3. De quelle façon ces phénomènes impactent-ils aussi l’école, les élèves et les adultes qui les encadrent (enseignants, personnels de direction) ?
Le harcèlement scolaire, tel qu’on le connaissait jusqu’à la fin du siècle dernier, s’exerçait dans des lieux et des temps bien circonscrits : la cour de récréation, la salle de classe... Mais une fois sorties de l’école, les victimes trouvaient un peu de répit. Aujourd’hui, il n’est pas rare que leurs agresseurs les poursuivre en dehors de ces temps et lieux par le biais des smartphones et des médias sociaux. Cela signifie que la violence scolaire sort désormais de l’école et que parmi les témoins ou les agresseurs se trouvent des personnes totalement extérieures aux établissements, mais qui font partie du même « réseau social numérique » que les victimes et agresseurs principaux. Mais un autre cas de figure est possible : une violence est perpétrée sur les réseaux sociaux, le soir ou pendant le week-end, et déclenche une vague de brimades qui sont infligées à la victime, en face à face, dans l’enceinte de l’école. Une violence initialement non scolaire devient alors scolaire. Enfin, il faut aussi avoir conscience que les enseignants ne sont pas épargnés et peuvent, eux aussi, se faire insulter ou moquer en ligne, par des élèves, des parents d’élèves ou par leurs propres collègues. C’est donc l’environnement scolaire dans son ensemble qui est impacté par la cyberviolence.

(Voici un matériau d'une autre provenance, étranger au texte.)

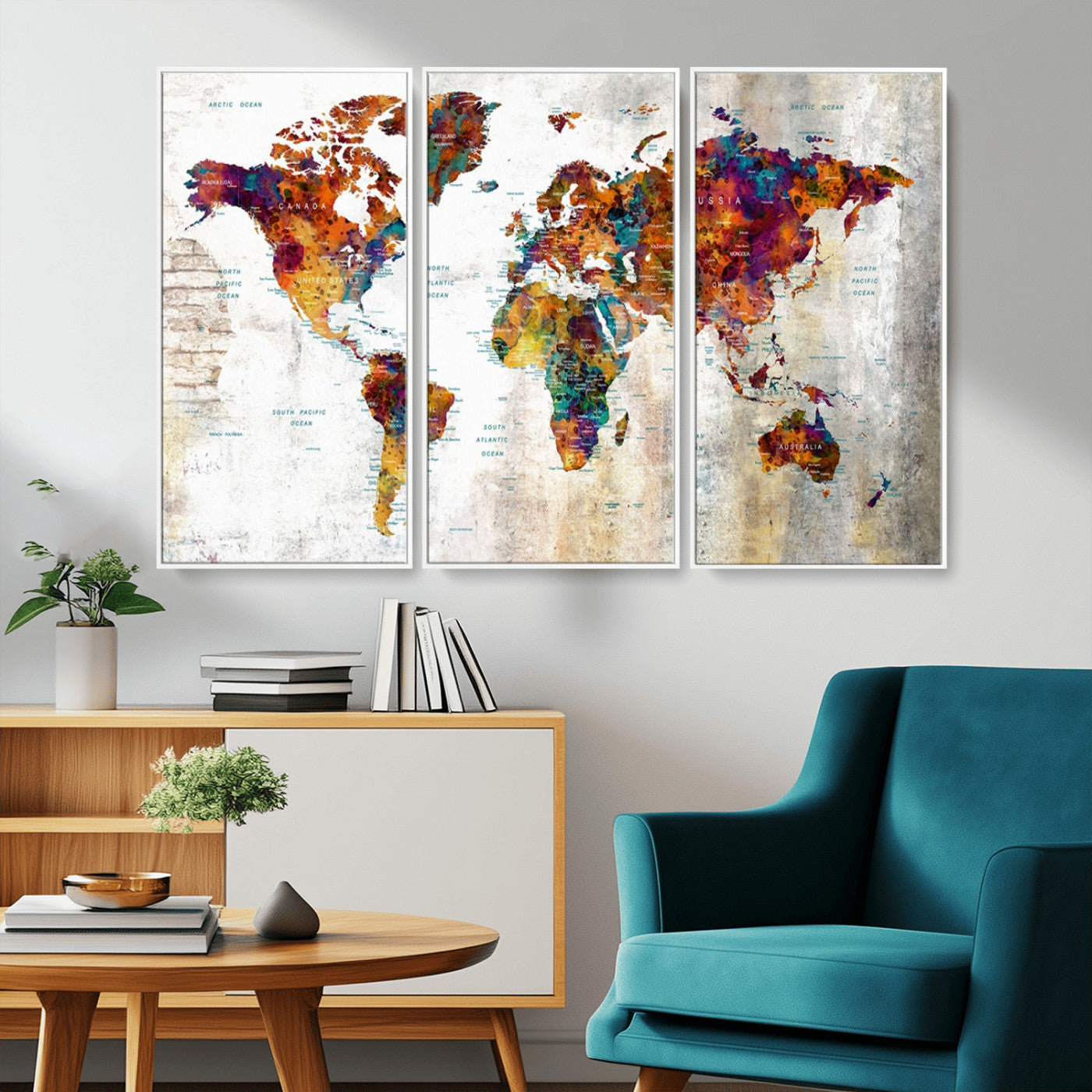 MGV-FC-48X32-3P - Push Pin World Map Canvas Print – Framed Wall Art for Couples to Track Their Travels – Anniversary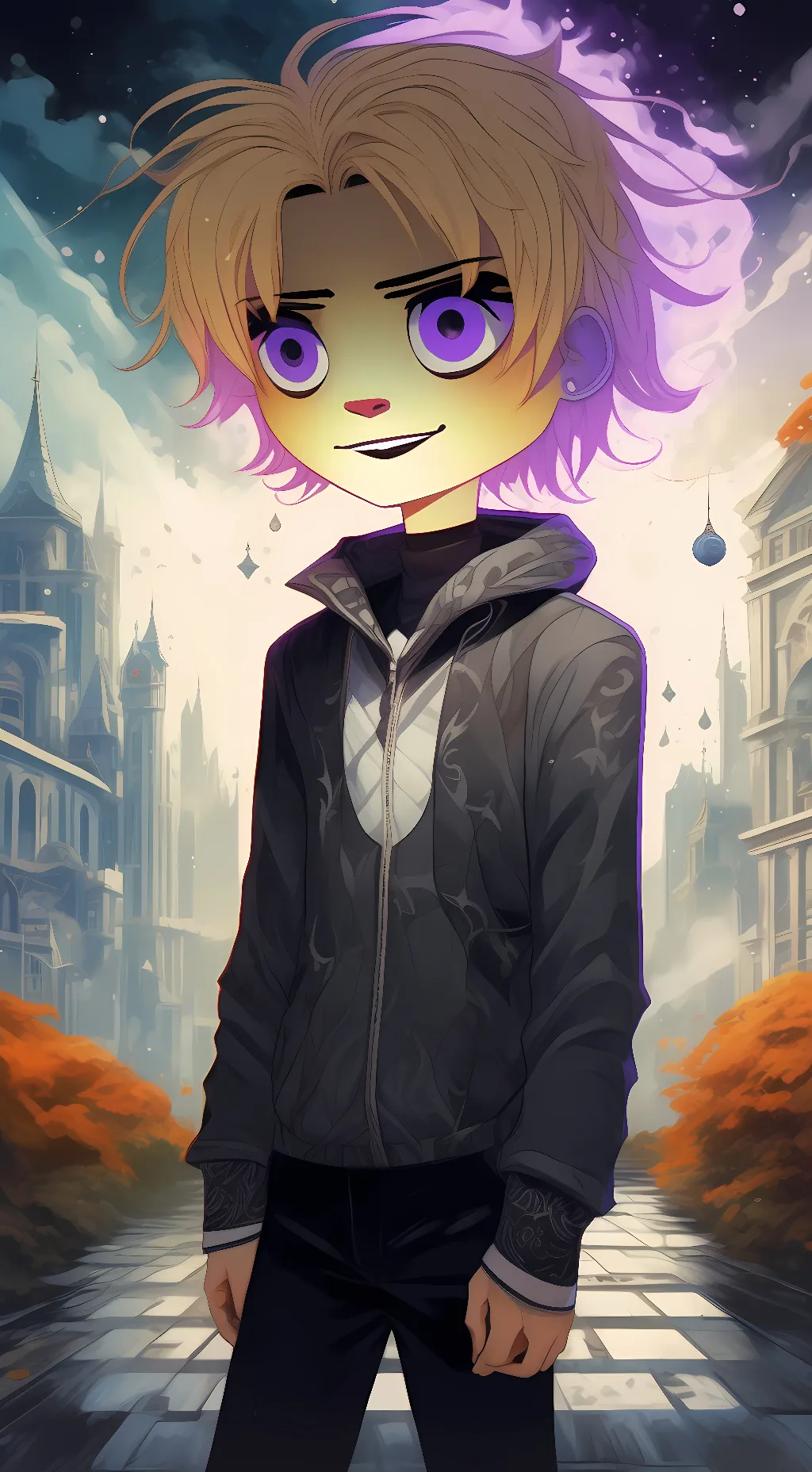 ai character: Glitch trap background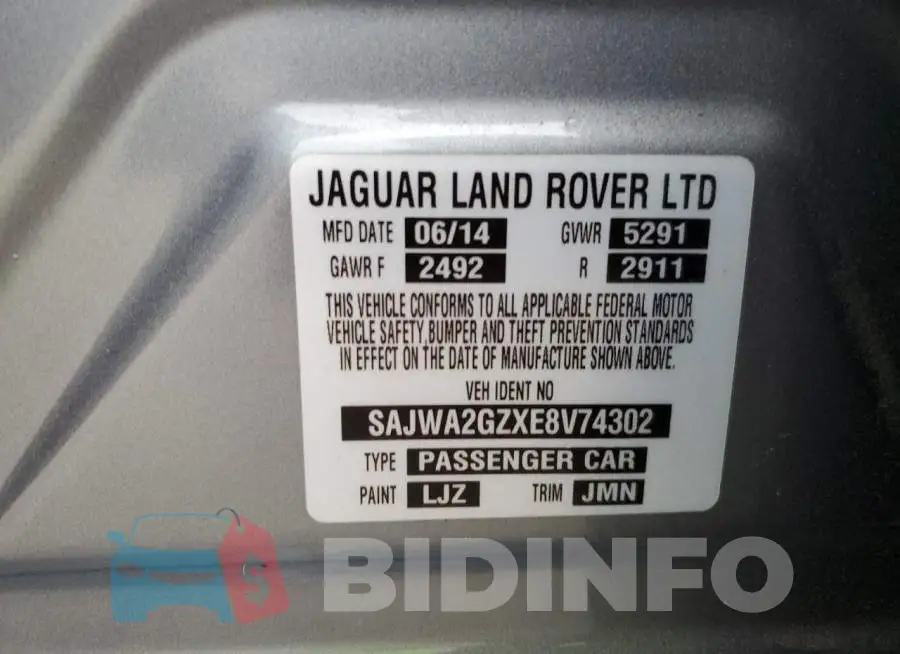 SAJWA2GZXE8V74302 Photo# 12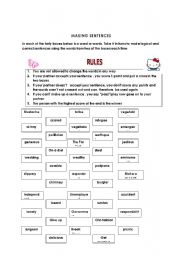 English worksheet: MAKING SENTENCES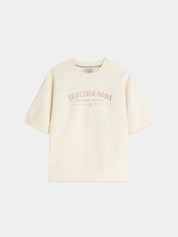 Short-sleeved artwork sweatshirt -Eggnog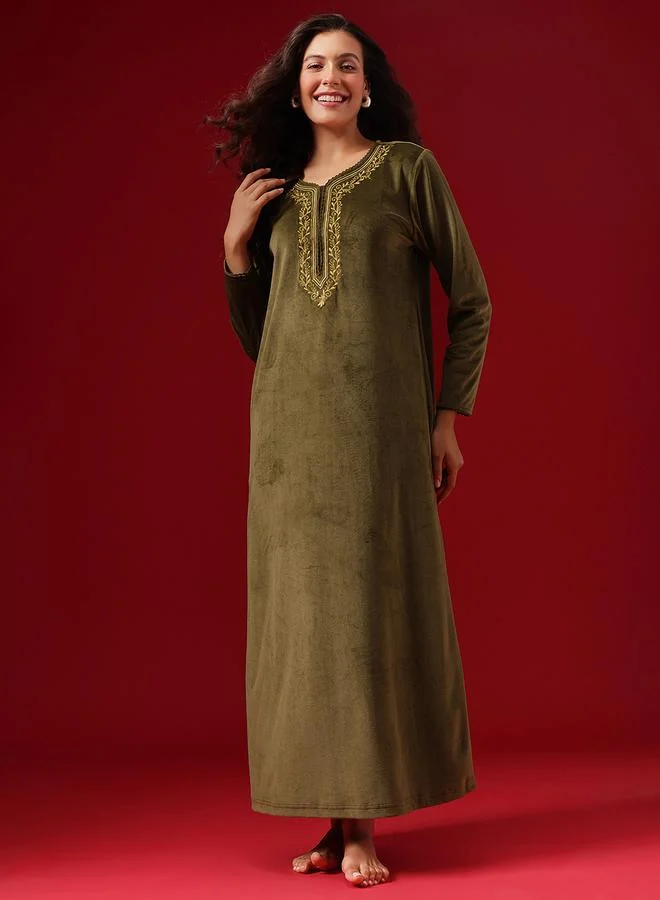 Clovia Olive Green Velour Nightdress
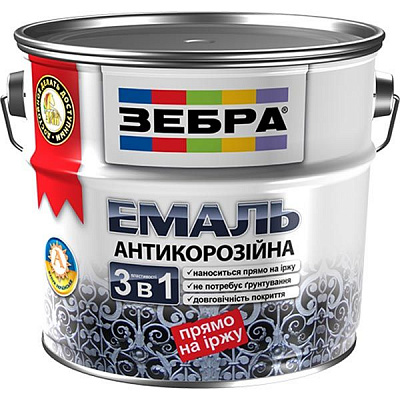 Эмаль Зебра антикоррозионная белая глянець 0.75 л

4. Comment pensez-vous que nous pouvons en tant qu’enseignants, et plus précisément professeurs documentalistes, prévenir cette violence ?
Il faut envisager le harcèlement et le cyberharcèlement comme les deux faces d’une même pièce et les combattre par les mêmes dispositifs et notamment par des dispositifs éducatifs. Dans mon livre je parle de l’éducation à l’empathie, car les émotions jouent un rôle prépondérant dans ces phénomènes. Il faut apprendre aux élèves à verbaliser leurs émotions, mais aussi à reconnaître celles des autres, à se mettre à leur place. Je parle aussi de l’éducation aux médias et à l’information, qui vise, entre autres, à apprendre aux élèves à gérer leur présence en ligne, à comprendre le fonctionnement des médias sociaux, mais aussi à identifier la nature des messages et à faire preuve d’esprit critique. L’enjeu est de leur faire prendre conscience qu’une information compromettante circulant, en ligne ou hors ligne, à l’encontre de tel ou tel camarade n’est peut-être qu’une simple rumeur visant à lui nuire et qu’il n’est probablement pas nécessaire de la relayer ou de la « liker ». Le professeur documentaliste a bien évidemment un rôle clé à jouer dans ces éducations et notamment dans le renforcement de la culture informationnelle et numérique des élèves. En outre, pour travailler sur les émotions, la tolérance, la différence, certains documentalistes mettent en place des ateliers de bibliothérapie. C’est aussi une belle piste à creuser.